Erzurum Barosu Başkanlığına adaylığını açıklayan Avukat İzzettin Genç ile keyifli bir söyleşiye imza attık. 6 Ekim´de yapılacak Olağan Genel Kurul´da Başkanlığa seçilmesi halinde yapacağı ilk icraatı bizimle paylaşan Genç, Tecrübe, birikim ve sorumluluk bilinciyle yola çıktıklarının altını çizdi?

Ülkemizdeki genç nüfusun avukatlığa yansıması ve genç avukatların meslekteki sorunlarına yönelik görüş ve tespitlerini aldığımız Başkan Adayı Genç ile ?Yargıda siyasallaşma? ve ?Yargıya Güven? konularını da konuştuk. Genç, ?Siyasallaşmadan siyasete katkı sunan bir Baro için adayız? dedi

18 yıldır Avukatlık mesleğini icra eden Genç, Erzurum Barosu´nda 3 dönem yöneticilik yaptı. 2 dönem saymanlık, bir dönem başkan yardımcılığı yapan Genç, Bir dönem de üst kurul delegeliği yaptı. ?Tecrübe, birikim ve sorumluluk bilinciyle Bugün Baro Başkanlığına talibim.? Kaydını düşen Genç ile oldukça keyifli geçen söyleşimize dilerseniz geçelim?

Buyurun?

Mahmut AKDAĞ-Nesrin ÇETİNKAYA

-          Avukatlığın ne olduğunu sorsak nasıl bir cevap verirdiniz?

Böyle bir soru ile başlamak gerçekten çok güzel oldu. Nitekim toplumda avukatlık mesleğinin yeterince tanınmadığı kanaatindeyiz.

Romalı Celsus´un tanımladığı gibi hukuk, iyinin ve hakkaniyetin sanatıdır. Bu sanatın icrası yani, yargılama faaliyeti iddia, savunma ve hüküm olmak üzere üç ana unsurdan oluşmaktadır. Bunlardan biri olmadığı zaman yargılama olmaz. Avukat da savunma ayağı olarak sanatı icra edenlerdendir.

İnsan hakları temelde üç ana sütun üzerinde yükselmektedir: İnsan onuru, eşitlik ve hürriyet. Hukuk devletinde ise insanın insan olmasından ileri gelen, devredilemez dokunulamaz temel hak ve özgürlüklere sahip olduğunun kabulü ile beraber adalet esasına göre devlet otoritesinin hukukla sınırlandırılması vardır.

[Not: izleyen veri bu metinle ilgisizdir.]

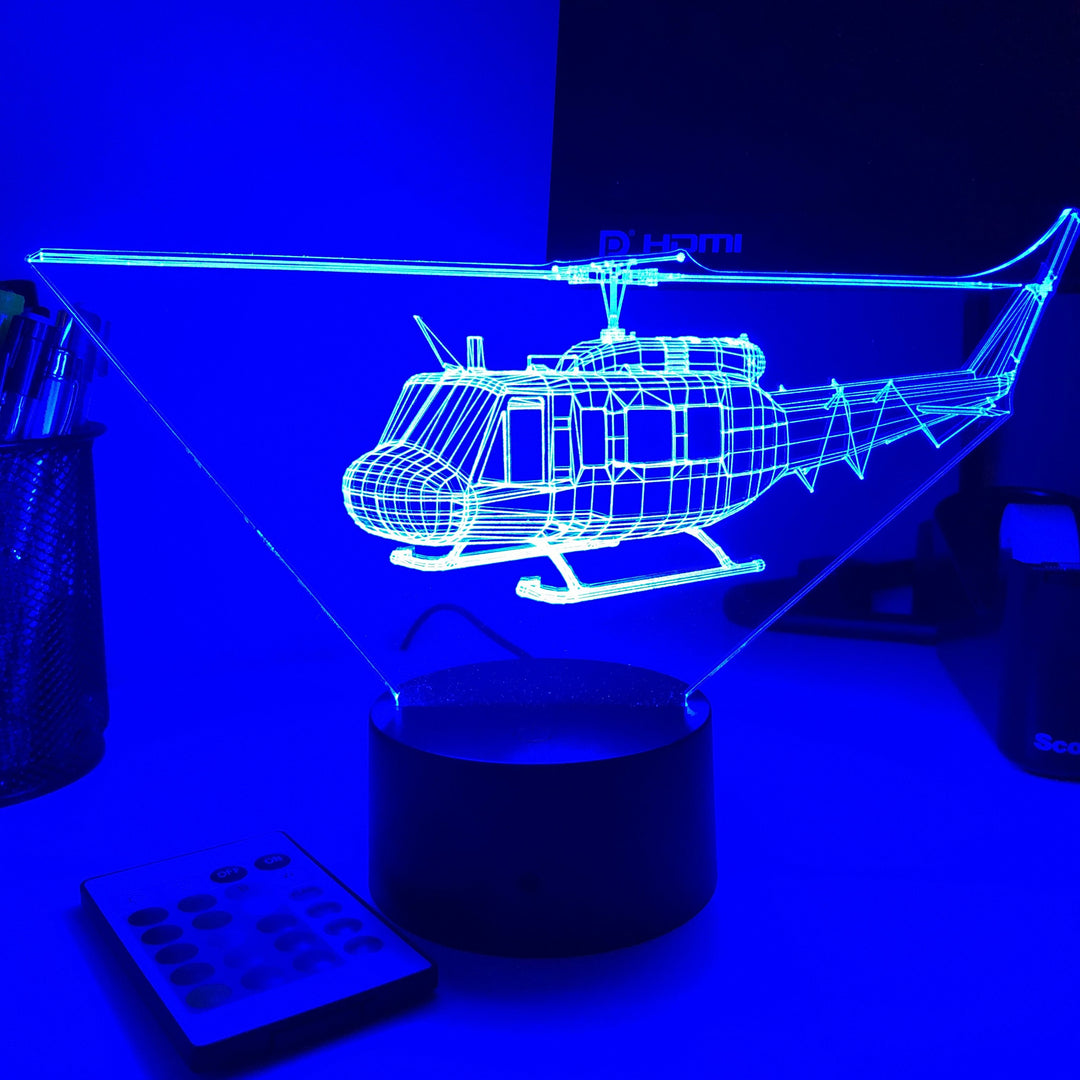 UH-1 "Huey" Helicopter - 3D Optical Illusion Lamp - carve-craftworks-llc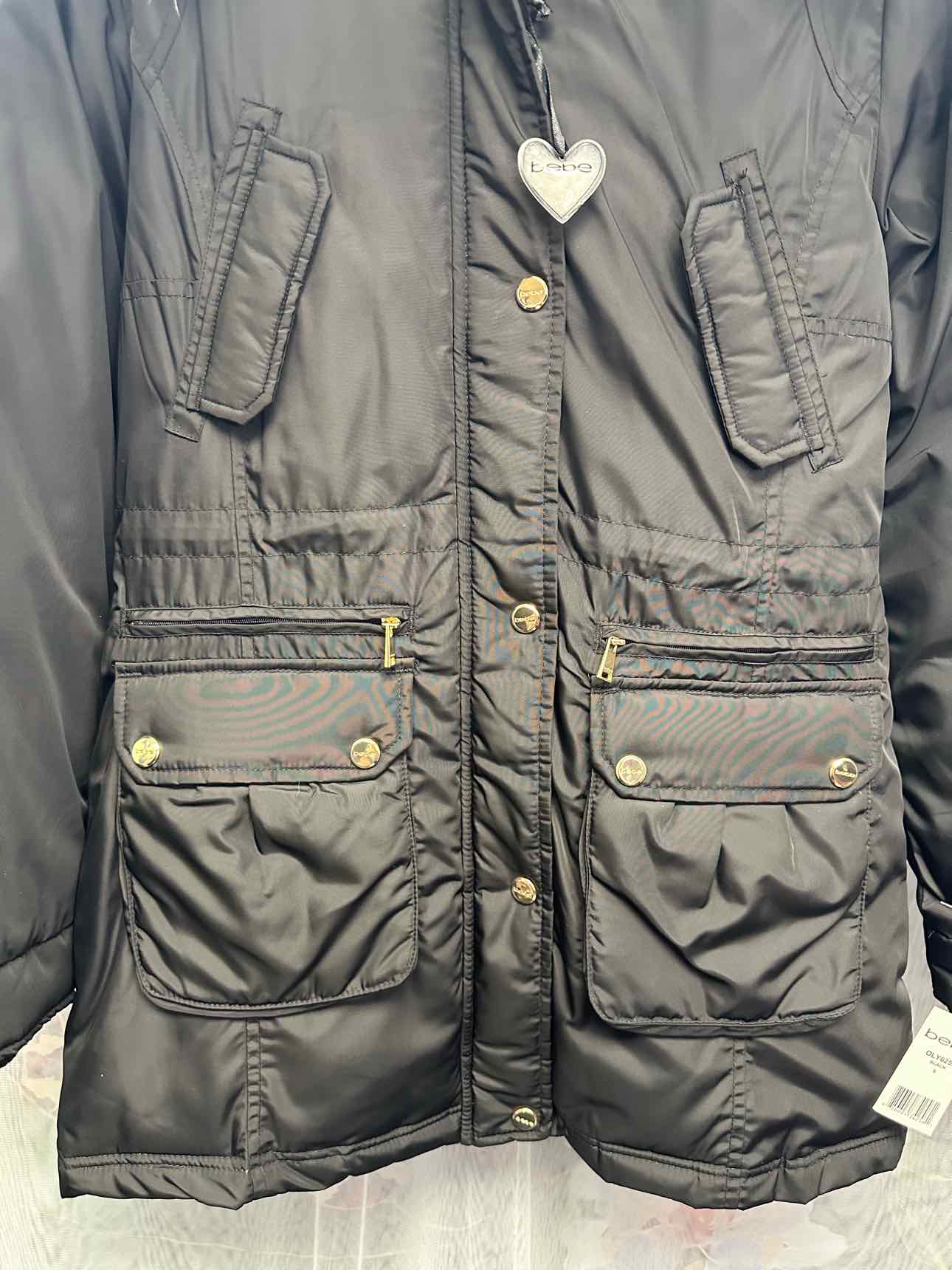 bebe NEW NWT Faux Fur Lined Multipocket Parka Small Black Zip Up Puffer Coat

Yani temelde hukuk devletini kuran insan hak ve özgürlükleridir. Devletin bu kuruluş ve otoritesinin sınırlandırılmasını, savunmaya güçlü ve bağımsız konum tanınarak gerçekleştirebilir. Bağımsız savunmayı temsil eden de Avukattır. Avukatlık Kanununda avukatlara verilen yetkiler de insan içindir. Örneğin, bir avukatın ev ve iş yerinin aranamaması savunma hakkının korunmasından ileri gelmektedir. Burada ilk izlenimde avukatlara bir ayrıcalık tanınmış gibi görünmesine rağmen savunmaya tanınmış bir ayrıcalık vardır. Daha da açık söylemek gerekirse temel hak ve özgürlükler olmazsa avukatlık kimliğinin de bir anlamı yoktur.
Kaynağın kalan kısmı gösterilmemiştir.